» **Task statement**
The expected output is an exact copy of each line from the line with "bild, bilder, bilddatenbank" through the end of the data below, with no pictures in it.

» **The records**
==*==
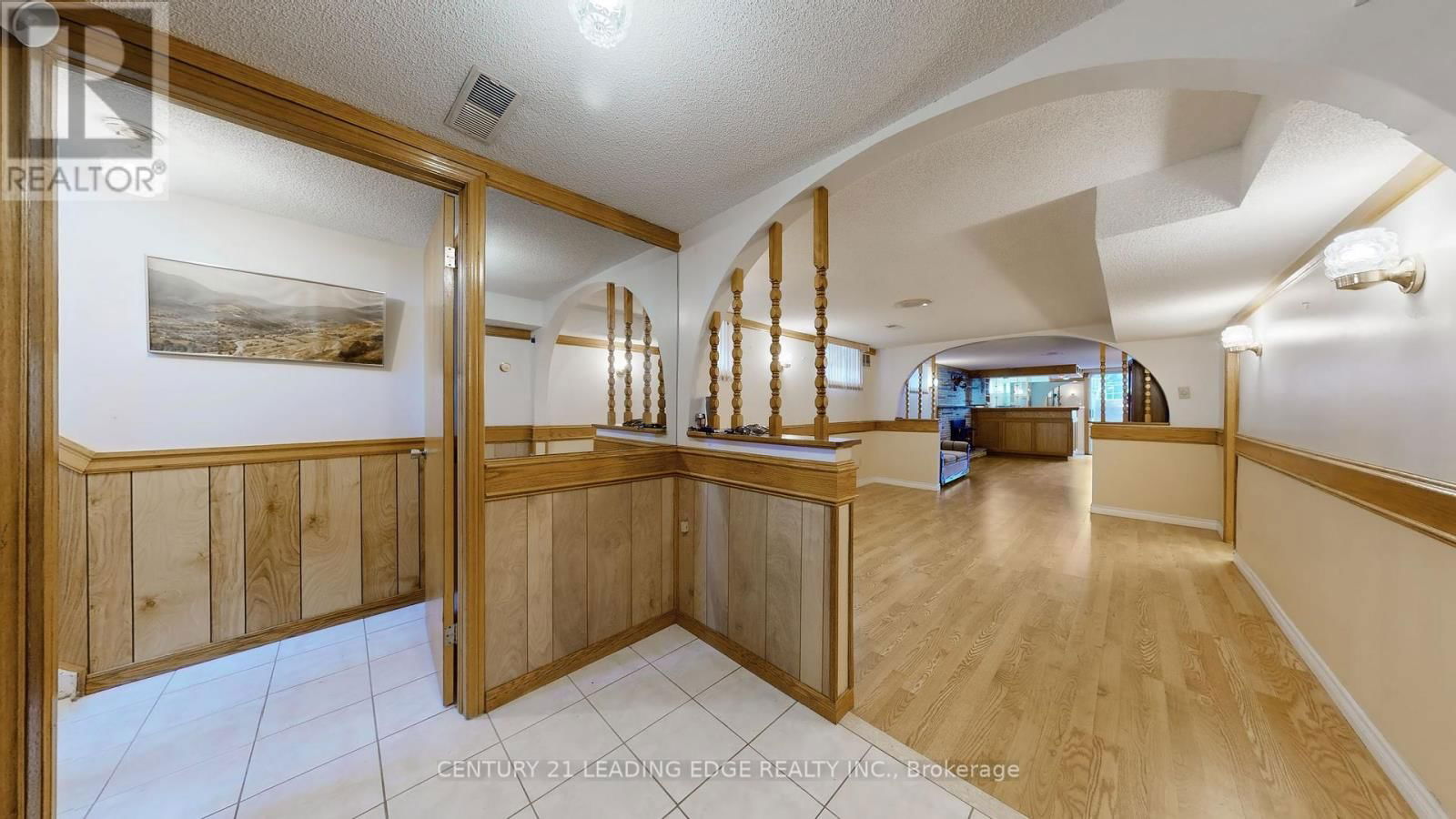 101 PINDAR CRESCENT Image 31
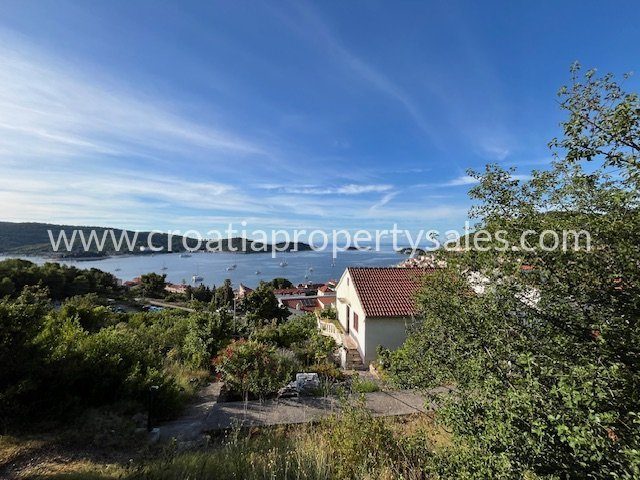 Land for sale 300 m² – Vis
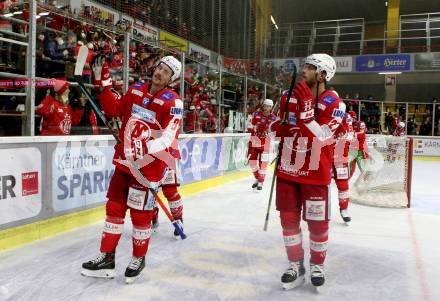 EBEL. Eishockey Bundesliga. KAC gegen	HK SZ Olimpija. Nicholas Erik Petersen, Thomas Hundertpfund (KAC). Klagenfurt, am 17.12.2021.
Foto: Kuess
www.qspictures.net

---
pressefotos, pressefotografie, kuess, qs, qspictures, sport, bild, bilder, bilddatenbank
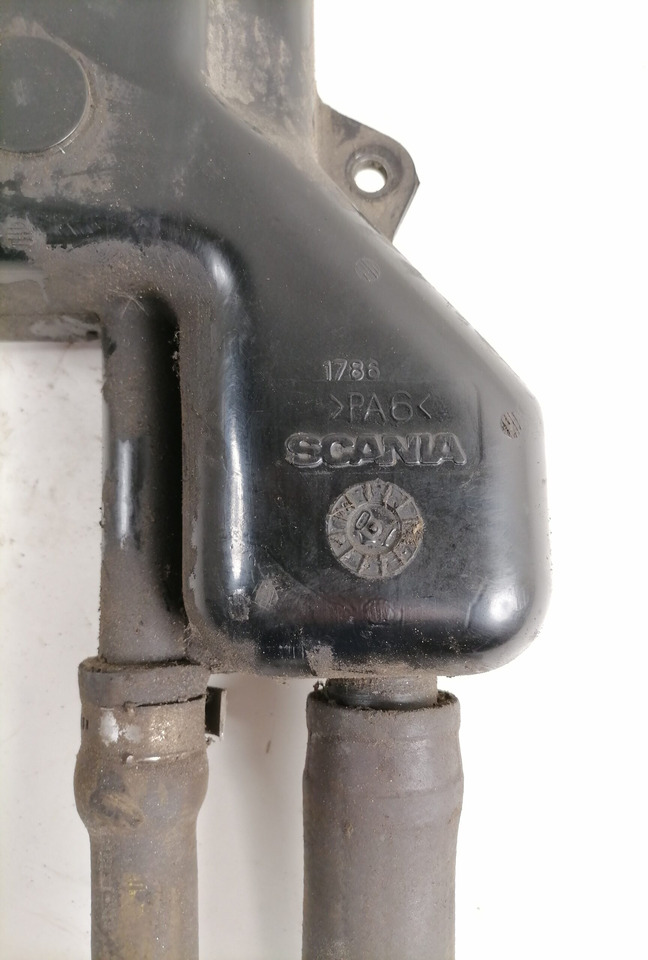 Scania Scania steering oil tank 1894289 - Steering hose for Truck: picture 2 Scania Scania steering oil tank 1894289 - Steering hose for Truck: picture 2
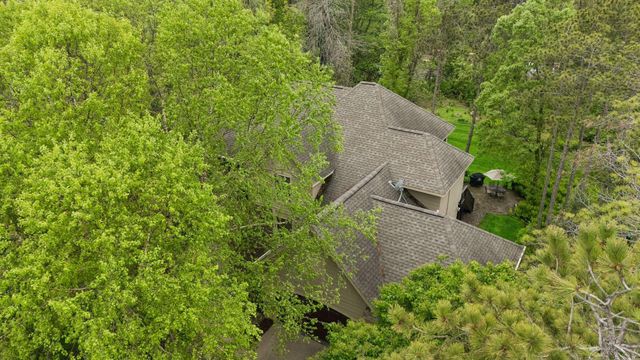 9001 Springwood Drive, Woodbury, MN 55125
==*==
» **Exercise answer**
pressefotos, pressefotografie, kuess, qs, qspictures, sport, bild, bilder, bilddatenbank
 Scania Scania steering oil tank 1894289 - Steering hose for Truck: picture 2 Scania Scania steering oil tank 1894289 - Steering hose for Truck: picture 2
 9001 Springwood Drive, Woodbury, MN 55125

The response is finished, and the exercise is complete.